# [What you will do]
Restate, word for word, every line of the data.

# [Exercise inputs]
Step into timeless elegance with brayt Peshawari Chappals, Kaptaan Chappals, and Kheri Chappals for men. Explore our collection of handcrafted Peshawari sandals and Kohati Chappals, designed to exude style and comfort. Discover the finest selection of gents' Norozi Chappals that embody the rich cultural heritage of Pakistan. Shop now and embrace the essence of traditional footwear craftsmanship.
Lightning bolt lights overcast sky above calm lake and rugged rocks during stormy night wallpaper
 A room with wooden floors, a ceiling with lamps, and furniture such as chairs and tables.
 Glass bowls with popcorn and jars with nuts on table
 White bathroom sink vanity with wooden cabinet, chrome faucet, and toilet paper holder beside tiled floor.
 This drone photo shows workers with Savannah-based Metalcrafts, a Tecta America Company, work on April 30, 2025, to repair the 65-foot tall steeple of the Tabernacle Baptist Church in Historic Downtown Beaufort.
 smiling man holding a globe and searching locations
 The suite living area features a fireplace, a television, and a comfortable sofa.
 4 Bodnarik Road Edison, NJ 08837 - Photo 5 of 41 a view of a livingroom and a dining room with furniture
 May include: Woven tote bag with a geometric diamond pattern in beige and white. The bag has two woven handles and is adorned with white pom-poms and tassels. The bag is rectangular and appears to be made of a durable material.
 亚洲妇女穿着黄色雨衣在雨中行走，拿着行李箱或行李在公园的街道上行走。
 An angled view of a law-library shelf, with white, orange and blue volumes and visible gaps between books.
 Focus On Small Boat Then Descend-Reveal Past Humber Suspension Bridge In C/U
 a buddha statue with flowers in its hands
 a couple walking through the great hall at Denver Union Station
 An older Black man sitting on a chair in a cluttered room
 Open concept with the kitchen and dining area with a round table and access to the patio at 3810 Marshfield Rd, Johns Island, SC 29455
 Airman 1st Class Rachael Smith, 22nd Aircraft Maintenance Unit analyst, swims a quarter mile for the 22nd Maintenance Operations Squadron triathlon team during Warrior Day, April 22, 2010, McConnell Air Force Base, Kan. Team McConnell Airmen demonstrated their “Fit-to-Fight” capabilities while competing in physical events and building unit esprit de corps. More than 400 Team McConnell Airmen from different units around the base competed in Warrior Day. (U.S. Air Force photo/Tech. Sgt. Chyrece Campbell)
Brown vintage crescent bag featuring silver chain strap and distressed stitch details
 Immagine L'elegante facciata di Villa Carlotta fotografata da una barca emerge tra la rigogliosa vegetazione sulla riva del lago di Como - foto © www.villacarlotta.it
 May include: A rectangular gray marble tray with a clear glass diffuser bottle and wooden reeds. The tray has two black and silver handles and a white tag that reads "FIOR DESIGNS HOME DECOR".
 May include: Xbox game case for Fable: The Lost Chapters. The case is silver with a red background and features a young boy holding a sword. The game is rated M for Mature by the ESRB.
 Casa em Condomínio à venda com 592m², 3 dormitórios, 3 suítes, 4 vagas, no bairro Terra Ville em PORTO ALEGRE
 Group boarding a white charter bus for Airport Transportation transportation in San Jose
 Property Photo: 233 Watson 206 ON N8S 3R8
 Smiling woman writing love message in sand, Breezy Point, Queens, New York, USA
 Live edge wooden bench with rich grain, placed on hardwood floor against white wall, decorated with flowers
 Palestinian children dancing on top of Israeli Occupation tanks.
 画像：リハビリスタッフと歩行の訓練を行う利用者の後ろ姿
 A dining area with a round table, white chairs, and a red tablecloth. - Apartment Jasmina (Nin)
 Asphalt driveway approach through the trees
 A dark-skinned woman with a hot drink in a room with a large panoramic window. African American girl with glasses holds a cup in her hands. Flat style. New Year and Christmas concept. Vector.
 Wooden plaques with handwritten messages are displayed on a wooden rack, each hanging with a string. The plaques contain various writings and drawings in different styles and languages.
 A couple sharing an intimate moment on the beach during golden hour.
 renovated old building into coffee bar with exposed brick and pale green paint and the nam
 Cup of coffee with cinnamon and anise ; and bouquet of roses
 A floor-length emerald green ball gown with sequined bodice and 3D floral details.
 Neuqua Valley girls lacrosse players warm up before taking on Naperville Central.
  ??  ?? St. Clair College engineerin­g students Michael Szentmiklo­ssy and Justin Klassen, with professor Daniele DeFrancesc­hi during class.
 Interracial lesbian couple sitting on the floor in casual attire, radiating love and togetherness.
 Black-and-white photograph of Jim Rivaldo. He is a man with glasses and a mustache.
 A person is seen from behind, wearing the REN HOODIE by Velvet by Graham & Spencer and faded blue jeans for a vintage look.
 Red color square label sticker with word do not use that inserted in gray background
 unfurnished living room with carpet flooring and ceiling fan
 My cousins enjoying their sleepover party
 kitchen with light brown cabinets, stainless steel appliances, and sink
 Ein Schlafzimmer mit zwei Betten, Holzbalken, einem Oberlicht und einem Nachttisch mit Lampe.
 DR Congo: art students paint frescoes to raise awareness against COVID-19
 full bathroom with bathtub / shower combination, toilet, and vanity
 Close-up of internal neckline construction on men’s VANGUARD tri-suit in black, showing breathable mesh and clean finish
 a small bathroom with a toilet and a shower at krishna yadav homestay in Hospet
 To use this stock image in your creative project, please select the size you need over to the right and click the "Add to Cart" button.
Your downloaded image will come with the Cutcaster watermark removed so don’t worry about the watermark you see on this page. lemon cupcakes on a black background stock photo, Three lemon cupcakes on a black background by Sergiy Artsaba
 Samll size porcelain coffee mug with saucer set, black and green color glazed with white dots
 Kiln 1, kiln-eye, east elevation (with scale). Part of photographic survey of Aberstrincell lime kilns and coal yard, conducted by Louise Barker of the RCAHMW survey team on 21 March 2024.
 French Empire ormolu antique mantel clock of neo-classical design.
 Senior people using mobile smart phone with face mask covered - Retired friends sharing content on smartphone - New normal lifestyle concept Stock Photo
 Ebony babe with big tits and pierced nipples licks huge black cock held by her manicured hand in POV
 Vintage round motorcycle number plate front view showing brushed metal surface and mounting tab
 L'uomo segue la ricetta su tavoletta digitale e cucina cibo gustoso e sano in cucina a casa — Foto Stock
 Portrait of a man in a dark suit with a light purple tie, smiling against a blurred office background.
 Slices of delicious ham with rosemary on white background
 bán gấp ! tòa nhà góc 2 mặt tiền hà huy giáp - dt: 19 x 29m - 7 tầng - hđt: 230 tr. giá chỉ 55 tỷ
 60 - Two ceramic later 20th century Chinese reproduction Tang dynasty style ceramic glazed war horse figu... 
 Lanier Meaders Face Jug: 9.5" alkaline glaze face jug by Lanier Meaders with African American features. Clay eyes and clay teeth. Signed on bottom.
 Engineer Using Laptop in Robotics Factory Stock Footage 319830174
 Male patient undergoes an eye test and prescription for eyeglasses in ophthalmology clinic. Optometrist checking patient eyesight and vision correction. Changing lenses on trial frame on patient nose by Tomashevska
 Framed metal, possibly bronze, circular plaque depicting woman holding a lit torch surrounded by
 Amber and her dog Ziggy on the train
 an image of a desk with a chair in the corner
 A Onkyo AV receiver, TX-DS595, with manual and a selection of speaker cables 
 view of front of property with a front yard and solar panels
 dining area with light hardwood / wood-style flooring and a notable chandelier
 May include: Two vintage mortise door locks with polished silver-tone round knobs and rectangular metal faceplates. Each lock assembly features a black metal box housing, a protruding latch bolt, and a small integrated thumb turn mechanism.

# [Solution]
Step into timeless elegance with brayt Peshawari Chappals, Kaptaan Chappals, and Kheri Chappals for men. Explore our collection of handcrafted Peshawari sandals and Kohati Chappals, designed to exude style and comfort. Discover the finest selection of gents' Norozi Chappals that embody the rich cultural heritage of Pakistan. Shop now and embrace the essence of traditional footwear craftsmanship.
Lightning bolt lights overcast sky above calm lake and rugged rocks during stormy night wallpaper
 A room with wooden floors, a ceiling with lamps, and furniture such as chairs and tables.
 Glass bowls with popcorn and jars with nuts on table
 White bathroom sink vanity with wooden cabinet, chrome faucet, and toilet paper holder beside tiled floor.
 This drone photo shows workers with Savannah-based Metalcrafts, a Tecta America Company, work on April 30, 2025, to repair the 65-foot tall steeple of the Tabernacle Baptist Church in Historic Downtown Beaufort.
 smiling man holding a globe and searching locations
 The suite living area features a fireplace, a television, and a comfortable sofa.
 4 Bodnarik Road Edison, NJ 08837 - Photo 5 of 41 a view of a livingroom and a dining room with furniture
 May include: Woven tote bag with a geometric diamond pattern in beige and white. The bag has two woven handles and is adorned with white pom-poms and tassels. The bag is rectangular and appears to be made of a durable material.
 亚洲妇女穿着黄色雨衣在雨中行走，拿着行李箱或行李在公园的街道上行走。
 An angled view of a law-library shelf, with white, orange and blue volumes and visible gaps between books.
 Focus On Small Boat Then Descend-Reveal Past Humber Suspension Bridge In C/U
 a buddha statue with flowers in its hands
 a couple walking through the great hall at Denver Union Station
 An older Black man sitting on a chair in a cluttered room
 Open concept with the kitchen and dining area with a round table and access to the patio at 3810 Marshfield Rd, Johns Island, SC 29455
 Airman 1st Class Rachael Smith, 22nd Aircraft Maintenance Unit analyst, swims a quarter mile for the 22nd Maintenance Operations Squadron triathlon team during Warrior Day, April 22, 2010, McConnell Air Force Base, Kan. Team McConnell Airmen demonstrated their “Fit-to-Fight” capabilities while competing in physical events and building unit esprit de corps. More than 400 Team McConnell Airmen from different units around the base competed in Warrior Day. (U.S. Air Force photo/Tech. Sgt. Chyrece Campbell)
Brown vintage crescent bag featuring silver chain strap and distressed stitch details
 Immagine L'elegante facciata di Villa Carlotta fotografata da una barca emerge tra la rigogliosa vegetazione sulla riva del lago di Como - foto © www.villacarlotta.it
 May include: A rectangular gray marble tray with a clear glass diffuser bottle and wooden reeds. The tray has two black and silver handles and a white tag that reads "FIOR DESIGNS HOME DECOR".
 May include: Xbox game case for Fable: The Lost Chapters. The case is silver with a red background and features a young boy holding a sword. The game is rated M for Mature by the ESRB.
 Casa em Condomínio à venda com 592m², 3 dormitórios, 3 suítes, 4 vagas, no bairro Terra Ville em PORTO ALEGRE
 Group boarding a white charter bus for Airport Transportation transportation in San Jose
 Property Photo: 233 Watson 206 ON N8S 3R8
 Smiling woman writing love message in sand, Breezy Point, Queens, New York, USA
 Live edge wooden bench with rich grain, placed on hardwood floor against white wall, decorated with flowers
 Palestinian children dancing on top of Israeli Occupation tanks.
 画像：リハビリスタッフと歩行の訓練を行う利用者の後ろ姿
 A dining area with a round table, white chairs, and a red tablecloth. - Apartment Jasmina (Nin)
 Asphalt driveway approach through the trees
 A dark-skinned woman with a hot drink in a room with a large panoramic window. African American girl with glasses holds a cup in her hands. Flat style. New Year and Christmas concept. Vector.
 Wooden plaques with handwritten messages are displayed on a wooden rack, each hanging with a string. The plaques contain various writings and drawings in different styles and languages.
 A couple sharing an intimate moment on the beach during golden hour.
 renovated old building into coffee bar with exposed brick and pale green paint and the nam
 Cup of coffee with cinnamon and anise ; and bouquet of roses
 A floor-length emerald green ball gown with sequined bodice and 3D floral details.
 Neuqua Valley girls lacrosse players warm up before taking on Naperville Central.
  ??  ?? St. Clair College engineerin­g students Michael Szentmiklo­ssy and Justin Klassen, with professor Daniele DeFrancesc­hi during class.
 Interracial lesbian couple sitting on the floor in casual attire, radiating love and togetherness.
 Black-and-white photograph of Jim Rivaldo. He is a man with glasses and a mustache.
 A person is seen from behind, wearing the REN HOODIE by Velvet by Graham & Spencer and faded blue jeans for a vintage look.
 Red color square label sticker with word do not use that inserted in gray background
 unfurnished living room with carpet flooring and ceiling fan
 My cousins enjoying their sleepover party
 kitchen with light brown cabinets, stainless steel appliances, and sink
 Ein Schlafzimmer mit zwei Betten, Holzbalken, einem Oberlicht und einem Nachttisch mit Lampe.
 DR Congo: art students paint frescoes to raise awareness against COVID-19
 full bathroom with bathtub / shower combination, toilet, and vanity
 Close-up of internal neckline construction on men’s VANGUARD tri-suit in black, showing breathable mesh and clean finish
 a small bathroom with a toilet and a shower at krishna yadav homestay in Hospet
 To use this stock image in your creative project, please select the size you need over to the right and click the "Add to Cart" button.
Your downloaded image will come with the Cutcaster watermark removed so don’t worry about the watermark you see on this page. lemon cupcakes on a black background stock photo, Three lemon cupcakes on a black background by Sergiy Artsaba
 Samll size porcelain coffee mug with saucer set, black and green color glazed with white dots
 Kiln 1, kiln-eye, east elevation (with scale). Part of photographic survey of Aberstrincell lime kilns and coal yard, conducted by Louise Barker of the RCAHMW survey team on 21 March 2024.
 French Empire ormolu antique mantel clock of neo-classical design.
 Senior people using mobile smart phone with face mask covered - Retired friends sharing content on smartphone - New normal lifestyle concept Stock Photo
 Ebony babe with big tits and pierced nipples licks huge black cock held by her manicured hand in POV
 Vintage round motorcycle number plate front view showing brushed metal surface and mounting tab
 L'uomo segue la ricetta su tavoletta digitale e cucina cibo gustoso e sano in cucina a casa — Foto Stock
 Portrait of a man in a dark suit with a light purple tie, smiling against a blurred office background.
 Slices of delicious ham with rosemary on white background
 bán gấp ! tòa nhà góc 2 mặt tiền hà huy giáp - dt: 19 x 29m - 7 tầng - hđt: 230 tr. giá chỉ 55 tỷ
 60 - Two ceramic later 20th century Chinese reproduction Tang dynasty style ceramic glazed war horse figu... 
 Lanier Meaders Face Jug: 9.5" alkaline glaze face jug by Lanier Meaders with African American features. Clay eyes and clay teeth. Signed on bottom.
 Engineer Using Laptop in Robotics Factory Stock Footage 319830174
 Male patient undergoes an eye test and prescription for eyeglasses in ophthalmology clinic. Optometrist checking patient eyesight and vision correction. Changing lenses on trial frame on patient nose by Tomashevska
 Framed metal, possibly bronze, circular plaque depicting woman holding a lit torch surrounded by
 Amber and her dog Ziggy on the train
 an image of a desk with a chair in the corner
 A Onkyo AV receiver, TX-DS595, with manual and a selection of speaker cables 
 view of front of property with a front yard and solar panels
 dining area with light hardwood / wood-style flooring and a notable chandelier
 May include: Two vintage mortise door locks with polished silver-tone round knobs and rectangular metal faceplates. Each lock assembly features a black metal box housing, a protruding latch bolt, and a small integrated thumb turn mechanism.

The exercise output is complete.